Toasters are often relatively easy to fix. This Fix-It Guide on toaster repair tells how a toaster works, what often goes wrong, how to identify a toaster problem, and what parts and tools you will need to fix it. It then gives simple step-by-step instructions for how to service a toaster latch assembly, how to service a toaster solenoid, and how to recalibrate a toaster thermostat. This Fix-It Guide also refers to electrical receptacle repair, electrical cord repair, heating element repair, and switch repair for more information on how to fix a toaster.
How Does a Toaster Work?
A toaster is an electric heating appliance with a timer, carriage, and latch. Most pop-up toasters work in the same manner. A slice of bread or other appropriate food item is placed through a slot in the top of the toaster and into the carriage. A lever lowers the carriage to the bottom of the chassis where it latches in position, an internal switch turns on the heating elements, and a timer starts. Once the timer finishes its cycle, it turns off the elements and a solenoid releases the spring-loaded carriage that pops up the toast. A toaster oven works differently to do the same thing on a wider variety of foods.
What Can Go Wrong with a Toaster?
Toasters malfunction frequently for two major reasons. First, most toasters are built to be throwaway appliances. Second, malfunctions are frequently caused by particles of food that interfere with the operation of the toaster. Other problems with toasters include cords that malfunction, latch assemblies that are damaged or obstructed, or faulty elements and thermostats. Modern toasters use circuit boards within the controls that, if damaged, should be taken to an appliance repair center or tossed.
Bread drops particles as it toasts, collecting on the bottom of the toaster appliance. Depending on how often you use your toaster, it’s a good idea to clean out the crumb tray at least once a week. Some units slide out from the front while others require that you unlatch a cover underneath the unit–preferably over the trash can.
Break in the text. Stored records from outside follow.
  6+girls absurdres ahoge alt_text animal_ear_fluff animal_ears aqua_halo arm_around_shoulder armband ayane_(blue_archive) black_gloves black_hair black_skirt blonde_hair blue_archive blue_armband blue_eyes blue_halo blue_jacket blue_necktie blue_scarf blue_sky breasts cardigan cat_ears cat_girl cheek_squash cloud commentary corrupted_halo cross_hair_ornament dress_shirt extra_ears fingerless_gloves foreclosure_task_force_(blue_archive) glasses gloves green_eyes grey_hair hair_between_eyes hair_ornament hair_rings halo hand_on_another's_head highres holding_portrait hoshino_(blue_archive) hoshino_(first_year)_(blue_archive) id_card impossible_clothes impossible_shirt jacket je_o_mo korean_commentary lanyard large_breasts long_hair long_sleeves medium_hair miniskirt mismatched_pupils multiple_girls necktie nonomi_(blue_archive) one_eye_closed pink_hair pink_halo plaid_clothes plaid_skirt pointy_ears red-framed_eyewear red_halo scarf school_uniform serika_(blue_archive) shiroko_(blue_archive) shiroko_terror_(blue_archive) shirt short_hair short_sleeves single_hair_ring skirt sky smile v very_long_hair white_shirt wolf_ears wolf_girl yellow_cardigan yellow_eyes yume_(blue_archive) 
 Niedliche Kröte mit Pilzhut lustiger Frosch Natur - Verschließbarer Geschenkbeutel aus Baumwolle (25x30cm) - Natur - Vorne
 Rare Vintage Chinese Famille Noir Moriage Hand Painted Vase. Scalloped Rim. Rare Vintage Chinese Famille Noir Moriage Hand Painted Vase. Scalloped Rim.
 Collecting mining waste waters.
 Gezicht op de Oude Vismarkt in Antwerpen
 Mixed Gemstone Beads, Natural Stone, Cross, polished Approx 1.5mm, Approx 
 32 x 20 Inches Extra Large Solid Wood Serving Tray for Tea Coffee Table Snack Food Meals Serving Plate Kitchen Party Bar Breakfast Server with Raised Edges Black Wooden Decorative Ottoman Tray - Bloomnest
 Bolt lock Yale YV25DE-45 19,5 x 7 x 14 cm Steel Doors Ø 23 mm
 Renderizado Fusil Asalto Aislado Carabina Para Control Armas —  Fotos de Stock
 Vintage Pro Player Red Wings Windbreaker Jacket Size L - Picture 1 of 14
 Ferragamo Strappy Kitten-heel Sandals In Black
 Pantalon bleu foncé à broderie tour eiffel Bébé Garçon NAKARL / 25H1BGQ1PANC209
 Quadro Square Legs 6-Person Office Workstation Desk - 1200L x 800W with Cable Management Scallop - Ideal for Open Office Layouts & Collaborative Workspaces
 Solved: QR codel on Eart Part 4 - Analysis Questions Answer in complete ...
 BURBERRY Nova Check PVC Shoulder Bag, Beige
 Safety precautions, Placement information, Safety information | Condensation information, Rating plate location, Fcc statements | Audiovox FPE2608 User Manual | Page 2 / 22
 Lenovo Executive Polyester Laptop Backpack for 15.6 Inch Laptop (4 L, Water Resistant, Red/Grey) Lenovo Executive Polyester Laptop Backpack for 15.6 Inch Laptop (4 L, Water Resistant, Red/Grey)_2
Also take a moment to look inside for loose food trapped behind element wires where it can short out an element.
How Can I Identify a Toaster Problem?
- If the toaster doesn’t work at all, make sure power is on at the electrical receptacle and test the electrical cord.
- If the carriage lowers but doesn’t latch or latches stiffly, look inside for food debris that may be blocking the carriage. If the latch is damaged or obstructed, service the assembly (see below).
- If the bread toasts only on one side, check the heating element(s) for damage and replace as needed; or replace the toaster.
- If the carriage doesn’t pop up and the toast burns, check the thermostat calibration and correct any inaccurate calibration (see below).
- If the thermostat is faulty, replace the thermostat or the toaster. Check the solenoid switch and solenoid; if faulty, service (see below) or replace.
- If the toast is too light or too dark, check thermostat calibration and correct if necessary (see below).
Always unplug your toaster before cleaning or repairing it.
What Do I Need for Toaster Repair?
You can purchase some replacement parts at appliance service centers. For others you may need to contact the toaster’s manufacturer. Here are the tools you’ll need:
- Canned air
- Appliance lubricant
- Continuity tester or multimeter
What Are the Steps to Toaster Repair?
Service a toaster latch assembly:
- Unplug the toaster from the electrical receptacle.
- Remove or open the crumb tray and empty it. Turn the toaster over above a trash container and carefully empty out any crumbs before continuing.
- Remove the toaster cover by removing levers, knobs, and fasteners (typically on the underside or underneath labels).
- Inspect the latch assembly for obvious damage or crumbs. Use canned air to clear debris from the latch assembly.
- Move the carriage lever up and down to check for smooth operation. If the carriage moves stiffly, sparingly apply an appliance lubricant on the latch rod.
- Verify operation of the latch to ensure that it works smoothly. If necessary, carefully bend the latch to make sure it catches properly.
- You also can inspect and test the heating element(s) while you have the toaster open.
Service a toaster solenoid:
- Remove the crumb tray cover to access the solenoid switch, typically located near the thermostat on the controller side of the toaster.
- Use a continuity tester or multimeter to test the solenoid switch. If faulty, remove and replace it.
- To replace the solenoid you may need to disassemble the toaster, as above. If the solenoid is installed with rivets, replace the chassis as a unit or the entire toaster.
Recalibrate a toaster thermostat:
- Disassemble the toaster, as above, to access the controls including the thermostat.
- Identify the calibration knob, screw, or nut. It may be obvious because it is an adjustment on the controller, or you may need to refer to the toaster’s owner’s manual. Typically, moving the knob toward the solenoid switch shortens the toasting cycle (if toast is too dark) and moving it away lengthens the cycle (if toast is too light).
- Reassemble the toaster, plug it in, and use a piece of bread to test the adjustment. If adjusting the thermostat doesn’t solve the problem, replace the thermostat or the toaster.
Need to replace your toaster? Consider spending a little more and keeping it longer. Higher-quality toasters often include a better chassis and parts that require fewer repairs. A quality toaster that is regularly maintained can last 10 or more years. A cheap unit may last only two or three years.